One of her initial problems was her first draft manuscript. Printed out, it was 723 pages long—a five- or six-inch stack of paper.
“I edited it relentlessly. Took out everything that was repetitive, derivative, unoriginal, overwritten. I was ruthless in editing, something I learned in television. And I eventually discovered the book it was supposed to be.”
But not until it took up all of her spare time—she wrote nights and weekend and vacations. “My very supportive husband ate a lot of carryout salmon, I will admit…There was no easy road. There were a lot of tears and frustrations. Although after all those years as a reporter, I did have some training in writing and storytelling, I still needed to find my rhythm and my voice.”
And was it difficult switching to writing fiction after a long career as a journalist?
“That was my only true fear. I wondered if I could make stuff up! After years of using only the facts and the dialogue that other people actually used, I wondered if I could sit at my desk in my office looking out the bay window at the sugar maple tree, and somehow create an entirely new world.”
And what was that world? Her first effort was Prime Time, a psychological thriller about a middle-aged female television reporter feeling the pressure of aging in a young, beautiful-face profession. She stumbles upon (what else?) a spam email promoting a refinance opportunity and citing Shakespeare.
She submitted her revised manuscript to about twenty agents and four showed interest. Among those was Kristin Nelson, who became her agent. Nelson then submitted Ryan’s manuscript to various publishers. Editor Ann Leslie Tuttle with Harlequin at first rejected it, but a few days later called Nelson and told her she couldn’t get the story out of her head.
“She said she loved it, and she loved the character, but it was too ‘light’—too cute and too funny.” But Tuttle told Nelson the plot was so memorable that she wondered if Ryan could rewrite the whole thing with a more serious tone, avoiding the chick lit genre. Ryan did—rewriting and revising the entire novel with the same plot and character but with a ‘bigger’ style.

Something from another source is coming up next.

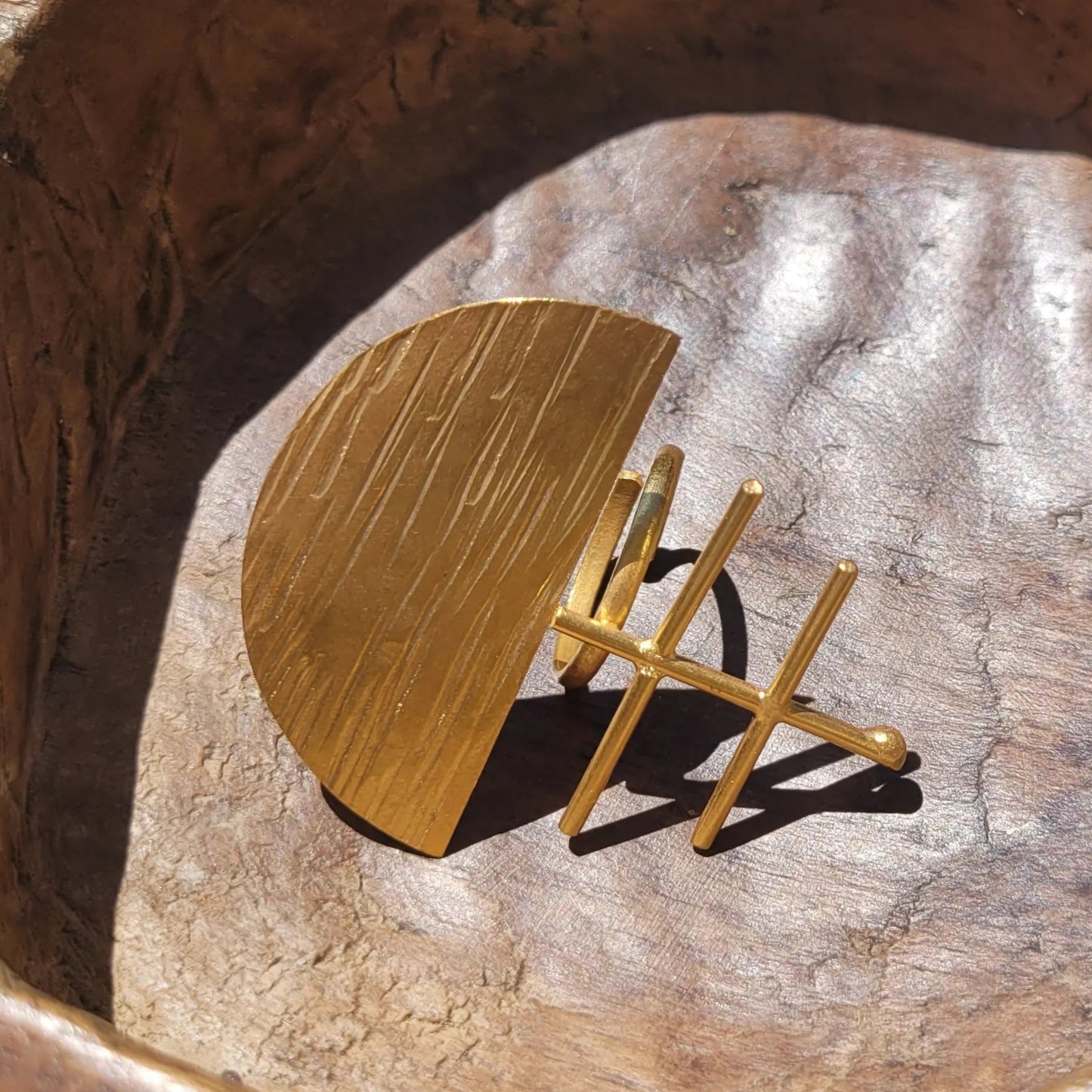 bague ethnique Ashanti, une bague artisanale en forme de poupée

It took her about a month of non-stop editing.
“She wanted it to feel like a big women’s’ fiction mystery,” Ryan says. “I can do that, I told her.” She got her first two-book deal for her efforts.
“Ann Leslie was trying to allow me to write the book she envisioned I was capable of writing…I wouldn’t be the place I am today had Ann Leslie not seen a hidden talent that she felt she could encourage and nurture so that I could write the best book possible.”

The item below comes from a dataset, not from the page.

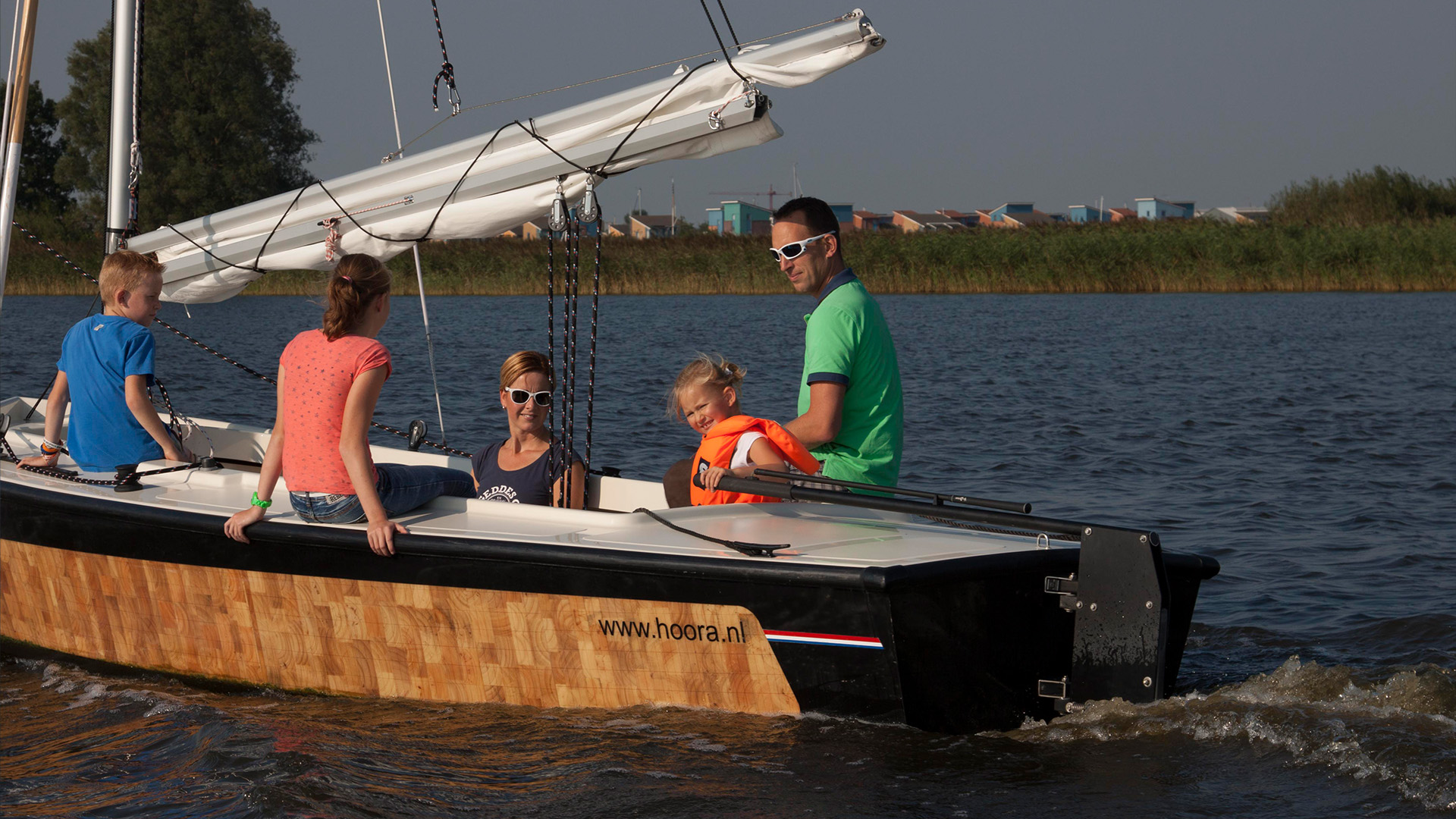 Hoora Yachts Header - Hoora Falcon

Tuttle was right. Prime Time went on to win the Agatha Award for Best First Novel from the Malice Domestic Convention. She’s been stacking up literary awards to go with all of those Emmys on her shelf ever since, now with five Agathas, five Anthonys, and the coveted Mary Higgins Clark Award.
Ryan describes her writing style as a complete pantser. “Just as in TV news, I’m going out in search of the story. If I knew the end of my investigations, they wouldn’t be news, right? So, in fiction, I’m comfortable allowing myself to discover what happens along the way.”
And what about her news stories? Today, after 43 years in TV, she picks and chooses them, and is only on the air from time to time. Her passion is now writing novels, although it’s obvious when you talk to her the investigative urge is still very much a part of her.
When she was about twelve, she read Nancy Drew books and later Agatha Christie. She and her sister would ride their ponies in rural Indiana to the local library, load up their saddle bags with books, and read for hours in the hayloft of the barn behind her house.
“At first, I thought maybe I should be a mystery writer, and write about detectives. Then I thought, no, I should be the detective!” And she did become an investigative reporter, uncovering crime and corruption, and always trying to solve the riddle. She studied Shakespeare in college and says she is still in awe of his story telling ability. Which is another reason the strange spam email caught her eye. What was Shakespearean dialogue doing in that message?
And it was on her first day of college where Harriet Ann Sablosky picked up the moniker Hank. A classmate said she didn’t look like a Harriet and called her Hank.
It stuck.
So, what is the biggest surprise of this second phase of her writing career?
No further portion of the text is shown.